◆ Task objective ◆
Could you retype all of the entries exactly, without their pictures?

------------------------------------------------------------------------

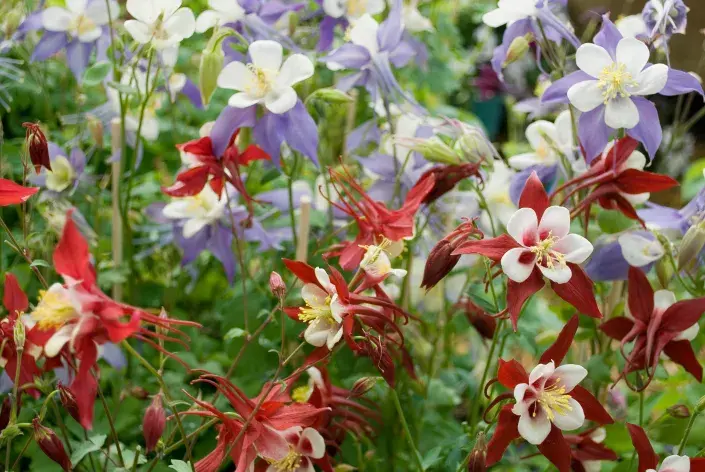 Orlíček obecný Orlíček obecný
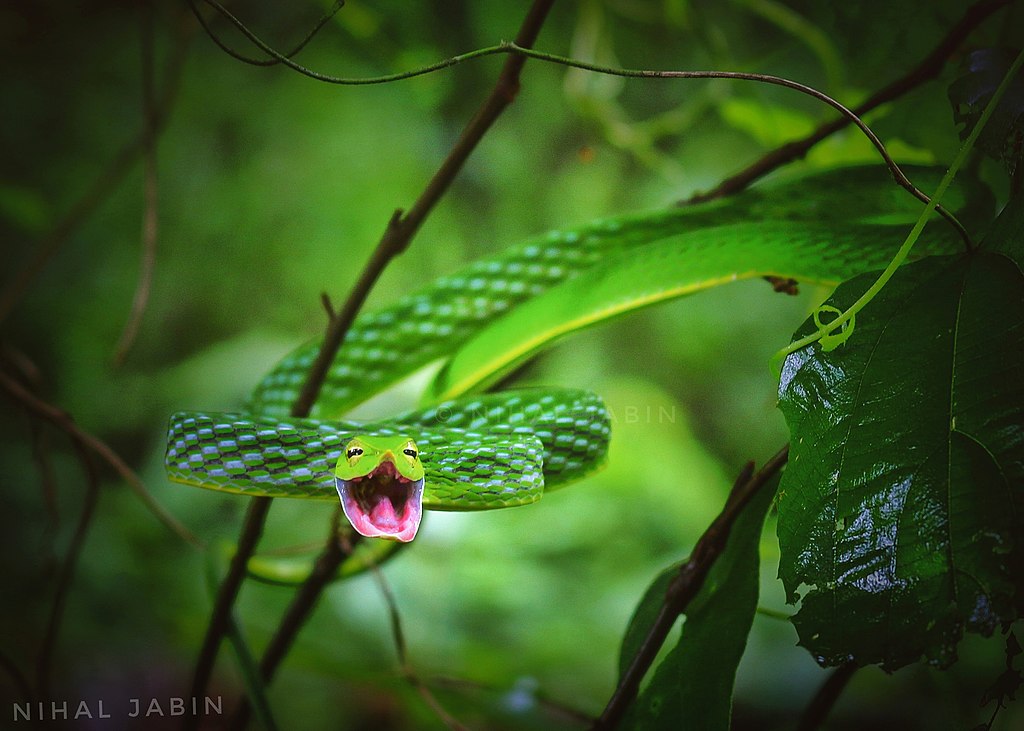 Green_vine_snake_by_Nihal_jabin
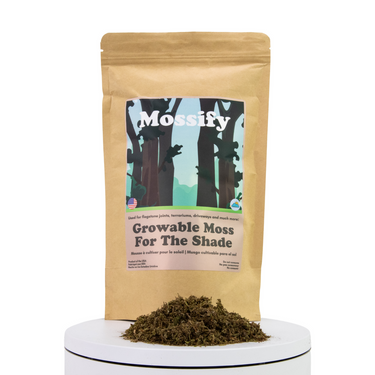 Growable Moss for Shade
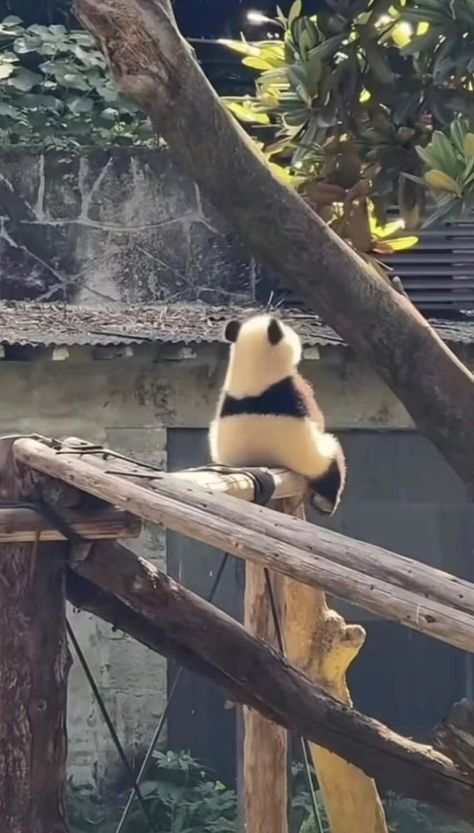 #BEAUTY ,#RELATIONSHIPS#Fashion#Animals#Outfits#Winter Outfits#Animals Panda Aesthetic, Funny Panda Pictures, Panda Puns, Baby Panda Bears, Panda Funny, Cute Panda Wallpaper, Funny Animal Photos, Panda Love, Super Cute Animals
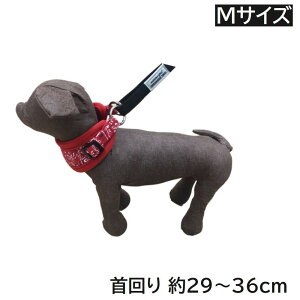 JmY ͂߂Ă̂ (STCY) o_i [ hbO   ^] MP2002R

------------------------------------------------------------------------

◆ Task response ◆
 Orlíček obecný Orlíček obecný
 Green_vine_snake_by_Nihal_jabin
 Growable Moss for Shade
 #BEAUTY ,#RELATIONSHIPS#Fashion#Animals#Outfits#Winter Outfits#Animals Panda Aesthetic, Funny Panda Pictures, Panda Puns, Baby Panda Bears, Panda Funny, Cute Panda Wallpaper, Funny Animal Photos, Panda Love, Super Cute Animals
 JmY ͂߂Ă̂ (STCY) o_i [ hbO   ^] MP2002R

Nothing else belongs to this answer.